Banc of California was founded in 1941 as the Rohr Employees Federal Credit Union, serving employees of the Rohr Aircraft plant in Chula Vista, California. The credit union was renamed the Pacific Trust Federal Credit Union in 1995, which itself was renamed the Pacific Trust Bank in 2000, becoming a mutually owned federal savings bank.

The Pacific Trust Bank was made into a subsidiary of First PacTrust Bancorp Inc. in 2002. First PacTrust Bancorp, Inc. and Beach Business Bank completed their merger in 2012. The company's two banking subsidiaries, Pacific Trust Bank and The Private Bank of California, were merged to form Banc of California in 2013. The bank also hired former Los Angeles mayor Antonio Villaraigosa as a strategic advisor.

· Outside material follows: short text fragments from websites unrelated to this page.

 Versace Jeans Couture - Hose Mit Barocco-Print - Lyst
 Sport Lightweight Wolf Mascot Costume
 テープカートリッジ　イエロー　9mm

Banc of California bought 20 bank branches in Southern California from Popular, Inc., a Puerto Rico-based bank, for $5.4 million in 2014. The move doubled the number of branches the bank owned and brought its assets to $5 billion.

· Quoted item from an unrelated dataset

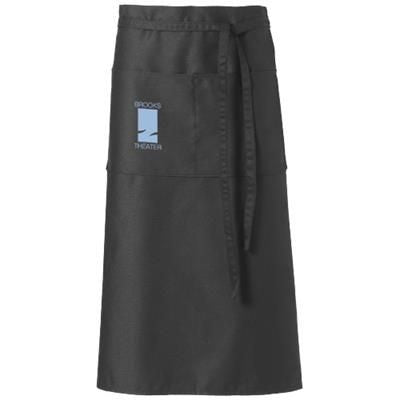 Branded Promotional SKYLA BARTENDER APRON in Black Solid Apron From Concept Incentives.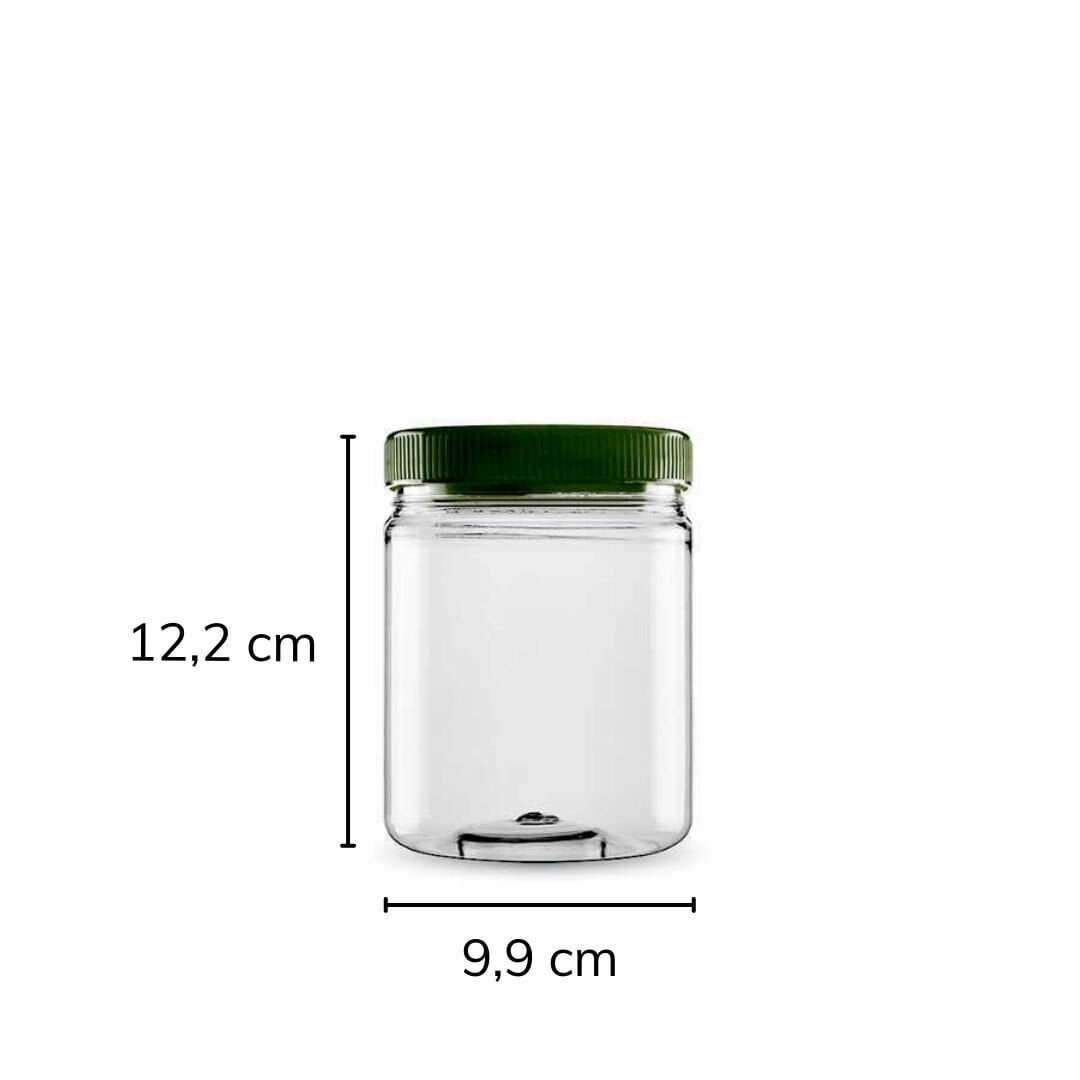 Sarkap 750 ml 847 Adet Paletli Silindir Pet Kavanoz YeşikKapaklı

Jared Wolff took over as CEO of Banc of California in March 2019, succeeding Doug Bowers. Bowers had assumed the role in 2017, following founding CEO Steven Sugarman.

Banc of California announced the acquisition of Pacific Mercantile Bank in March 2021 in a transaction valued at $235 million.

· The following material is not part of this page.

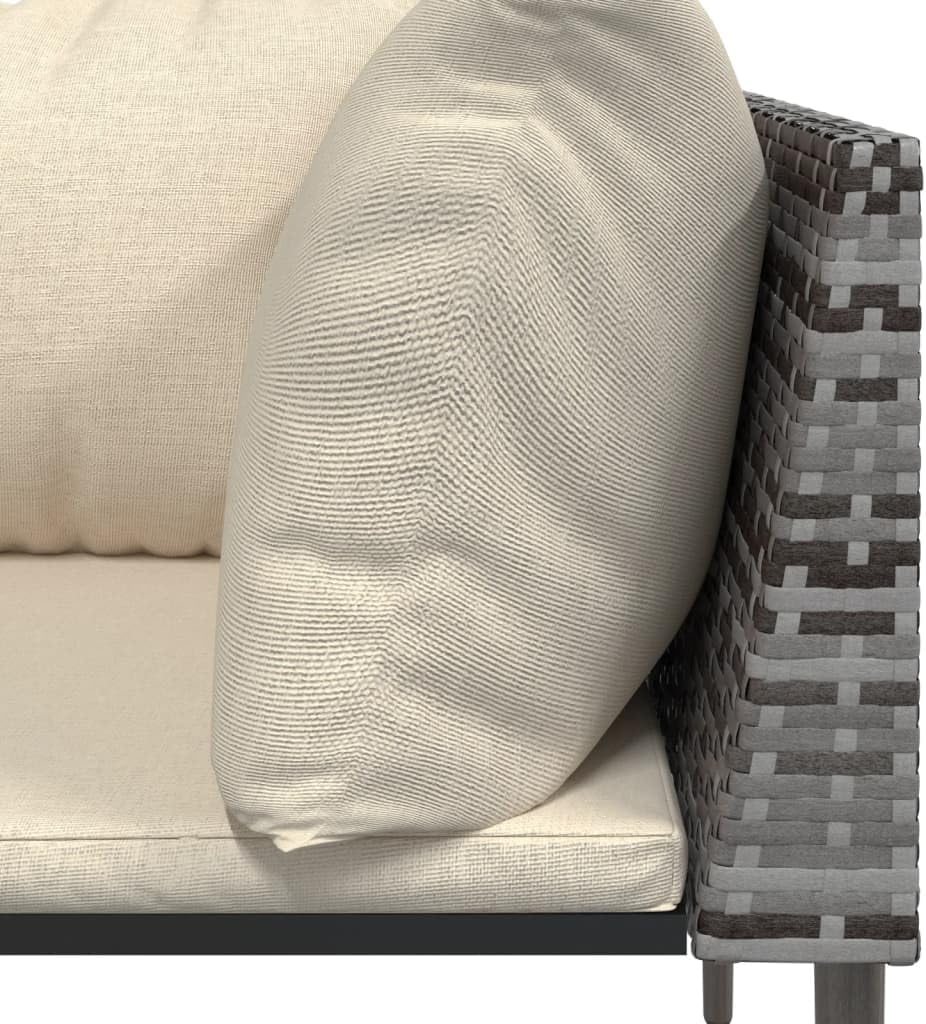 5 Piece Patio Lounge Set with Cushions Gray Poly Rattanqueen Bed Frame with headboard Queen Size Bed Frame King Size Bed Frame King Platform Bed Frame Metal Bed Frame Queen Size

=== Merger with PacWest Bancorp ===
In July 2023, a few months after bank runs in regional banks caused a banking crisis, Banc of California agreed to rescue and acquire Pacific Western Bank in an all-stock deal valued at $1.1 billion, aimed at restoring confidence in the bank. As part of the deal, Warburg Pincus and Centerbridge Partners would invest $400 million in the combined company. Wolff was credited with orchestrating the deal, which closed in November 2023, having previously served in several executive roles at Pacific Western Bank from 2002 to 2014.

In 2025, Wolff became President, Chairman and CEO of Banc of California, Inc.

=== Philanthropy & Sponsorships ===
Banc of California has previously been an official sponsor of the USC Trojans and the athletic program of the University of Southern California. The bank was also a major sponsor of Los Angeles FC, a Major League Soccer franchise, including and a 15-year, $100 million deal with the club for the naming rights to their stadium Banc of California Stadium in Los Angeles, which opened in 2018. The naming rights were restructured in 2020.

Banc of California supported the recovery from the January 2025 Southern California Wildfires. A week after the fires began, the bank created the Wildfire Relief & Recovery Fund with a $1 million donation to aid wildfire recovery and rebuilding efforts. In August, these funds were allocated to Steadfast LA, a nonprofit created by Rick Caruso, which supports small businesses in Altadena, Malibu and Pacific Palisades.

The bank also contributed $250,000 to the L.A. Area Chamber's Small Business Disaster Relief Fund, assisting small businesses impacted by crises throughout the region.

=== Awards and Recognition ===
In 2026, Banc of California was named to Newsweek and Plant-A Insights Group's America's Greatest Workplaces list.